そんな暮らしをしていたからなのかそうでないのか、少年にはわからなかったが、何かが足りない感覚が少年にはついて回った。
実際何が足りないのか少年にはわからなかった。それが少年にとっては一番目障りで、それを忘れようと荒れるたび、少年の暮らしは日に日に悪くなっていった。
そんな中で生まれたのが今の状況だ。
今日も普段通りに喧嘩を売った。いけ好かないへらへらとした顔。ここらの住民をあからさまに見下したその視線。いつもと同じ目障りな感じだ。
そう思って喧嘩を売ったのだ。
しかし、相手が悪かった。
この街には信じられないことに《神》という存在が暇つぶしに降臨している。そしてこの暇つぶしに降りてきたらしいこの神々が人に力を与え、ダンジョンを攻略させているのが今現在のこの街の特殊なとこなのだ。そしてこの力を与えられた者は、その後、その姿からは想像できないほどの能力を得るのだ。少年が喧嘩を売ったのは正にこの力を得た側の者だった。
少年は確かにそこいらの人間よりもはるかに強い。喧嘩慣れした体は大抵の攻撃には反応できたし、攻め方も数をこなした経験から多くのバリエーションを誇る。少年はまだ子どもだったが、普通の人間なら大人にすら勝利することができただろう。
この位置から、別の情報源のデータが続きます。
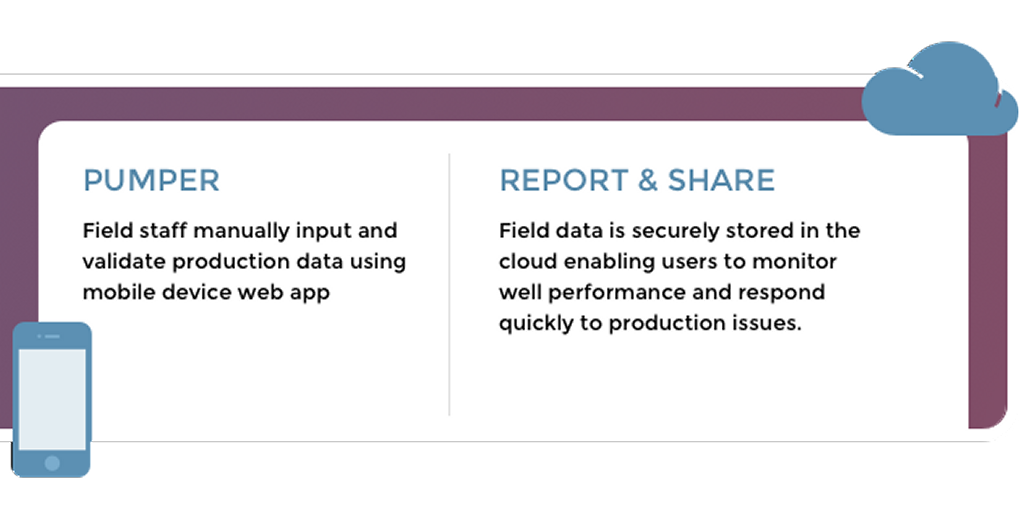 NeoFirma's tweet photo. Arm your pumpers with the right app! Our blog explains best practices for production data capture: https://t.co/gajYqe5dqH https://t.co/ooPBqIF0SD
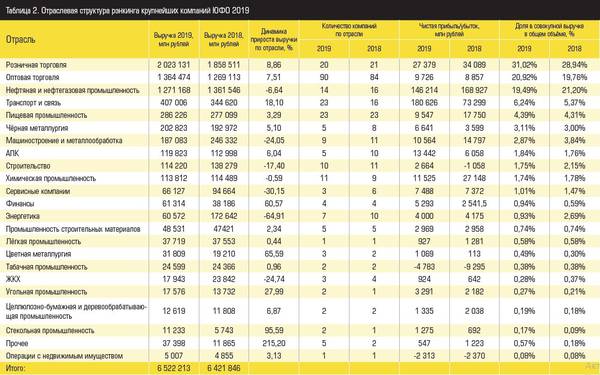 Отраслевая структура рэнкинга крупнейших компаний ЮФО 2019 Таблица 2. Источник: Аналитический центр «Эксперт ЮГ»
実際、これまで何度も勝っていたのだ。
だが、この力を得た者、『冒険者』と呼ばれる人物は、その常識の範疇には収まっていなかった。
速さが違う。膂力が違う。耐久力も違った。
何一つ勝てない。それどころか、追いすがれもしない。
正に桁違いの実力だったのだ。
少年はそれはもうボコボコにされた。殴られ蹴られ殴られ蹴られ、時には投げ飛ばされ。少年はプライドが高いという性格もしていた故に、かなりの回数甚振られてもそのたびに向かっていくことをやめなかった。
そして冒頭の現在へと至る。
何度も殴られた身体はボロボロで服は服と判別できないほど傷んでいる。死にかけという表現はなんら間違ってはいない状態だ。
死ぬのか、と少年は考えた。少年としては生きようが死のうが今は特にこだわりはないが、この死に方ダサいなと思う。これじゃそこいらのつまらねぇ連中より無様じゃねぇかと。
少年は空虚な心の中に微かに夢を持っていた。それは、少年の夢にたびたび出てくる男に出会うことだ。その男は自分じゃ絶対に勝てないと思わされるような覇気を常に放っており、この人になら一生ついていけると思わされるような人物であった。しかし、面識のある男ではない。顔も夢でしか見たこともなければ、名前に至っては全く分からなかった。それでも、これだけ印象に残る夢もそうない。きっとあの人は俺をどこかで待っているんだと、勝手にそう決めつけていた。そんなとても小さい夢だ。叶うことなら会ってみたかったが、もう無理か、と少年は諦めていた。
これまで持っていた意識が段々と薄れていく。今の今までしっかしと持ち上げられていた瞼も今では鉛のように重たい。これは本格的にだめか、と少年は悟った。これは死が自分まで辿り着いてしまったんだと理解した。こうなればもう、どうしようもないだろう。せめて死んだのならば、あの人のもとにでも行こうと少年は薄れる意識の中で考える。
そこで少年の意識は完全になくなった―――と思われたその時、少年に何かしらの液体がかけられた。
「ッ⁉」
途端少年は驚いて
そこまでしてようやくこの現象を起こしたであろう液体をかけた人物を見るために振り返った。そこにいたのは―――女神だった。いや女神のように美しい女性だった。少年は警戒し、姿勢を低くしながら注意深くその人物を眺める。そして問いかける。
「誰だ、お前は」
「―――私はイシュタル。女神イシュタルである。小僧、お前は見所がある。
それが少年とイシュタルとの出会いであった。
少年はこの日、イシュタル・ファミリアの一員となった。何がイシュタルを動かしたのかは分からない。しかし、少年は死ななかった。まだ夢を諦めないでいられる。ならその恩ぐらい返してやろうと思った。
「小僧、お前の名は?」
「…ヴィルヘルムだ」
少年―――ヴィルヘルムの物語の幕が、上がった瞬間だった。